Chef Jair Téllez is passionate when it comes to cooking, but even more so about people. “My language is food, but people is the medium – connecting with others is what it’s all about for me.” And the Mexico City chef has become a master of his medium, with two restaurants ranked among the 50 Best in Latin America.
The chef made his mark in 2001 with Laja, one of the first ‘high end’ restaurants in Baja California, and more recently with Merotoro in Mexico City. Both highly acclaimed places are on San Pellegrino’s Latin America’s 50 Best Restaurants list and both feature unpretentious but creative menus that reflect Tellez's life in Mexico.
Téllez, 42, is from Sonora. The local cuisine of this border state, which encompasses both desert and coast, is a true fusion of meat and seafood, and a curious variation of what most of us think of as Mexican cooking. Hermosillo, the state capital where Téllez was born, is in the middle of an arid region but only an hour and half from the coast, so steakhouses are as integral to the local food scene as are seafood stands.
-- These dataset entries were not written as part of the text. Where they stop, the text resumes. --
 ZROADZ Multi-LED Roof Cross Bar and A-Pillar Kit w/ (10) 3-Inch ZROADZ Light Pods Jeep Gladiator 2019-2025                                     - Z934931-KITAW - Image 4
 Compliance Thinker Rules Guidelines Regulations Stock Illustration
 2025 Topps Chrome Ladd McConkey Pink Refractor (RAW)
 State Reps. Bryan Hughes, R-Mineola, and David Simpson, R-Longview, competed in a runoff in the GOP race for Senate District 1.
At his restaurants the dishes are based on Mexican culinary traditions but with a creative spin. Influences are from both California (emphasis on simple and local, seasonal, high quality ingredients) and Spain but there are always references to the centuries old traditions of Mexico.
Even an Asian touch sneaks in from time to time “because I love Asian cooking. I have cravings for certain foods, and I go from there,” Téllez muses. “Of course I work with what is available and local; on the coast it’s more limited whereas in the capital [where the chef is based these days] the options are huge so I have to pick and choose; it’s more difficult in a way.”
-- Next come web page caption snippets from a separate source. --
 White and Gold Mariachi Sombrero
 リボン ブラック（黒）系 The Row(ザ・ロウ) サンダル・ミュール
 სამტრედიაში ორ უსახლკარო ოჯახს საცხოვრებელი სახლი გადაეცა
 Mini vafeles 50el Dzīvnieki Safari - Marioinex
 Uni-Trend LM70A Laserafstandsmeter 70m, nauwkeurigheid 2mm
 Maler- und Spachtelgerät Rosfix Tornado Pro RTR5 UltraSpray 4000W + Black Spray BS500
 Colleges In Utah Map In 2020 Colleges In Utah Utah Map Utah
The changing seasonal menu might include a pure invention like estofado de hongos con puré de broccoli, almendra tostada y jamón Serrano (stew of wild mushrooms with puree of broccoli, toasted almond and Serrano ham) because the mushrooms are around in the rainy season and so is lots of broccoli.
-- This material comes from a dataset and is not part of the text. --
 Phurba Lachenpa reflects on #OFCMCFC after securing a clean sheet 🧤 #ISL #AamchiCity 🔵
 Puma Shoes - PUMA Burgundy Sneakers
Vuelve a la vida de maiz criollo con leche de tigre y erizo, on the other hand, is a seafood cocktail (vuelve a la vida means return to life) that’s a classic everything-in-the-sea pick-me-up for those suffering a hangover. Téllez’ favorite is the French style quijada de cerdo (pork jowl) served on a bed of lentils. It’s the only dish to remain on Merotoro’s menu since the beginning. "Simply because I love it!” says Tellez.
The chef, now solidly chilango (a Mexico City dweller), adores the city “in the way that only someone not from here can” and plans to stay put for the time being. He sees “el D.F’s” restaurant scene evolving: “In many ways, Mexico City is more and more part of the world," he said. "It’s exciting to see younger people doing stuff with pride and commitment regardless of whether it will function financially or not. Previously it had felt stuck, less colorful and less emotional.”
His plans for the future are simple and delicious: “…to be a happy dude! For me, food is an excuse to make meaningful human connections."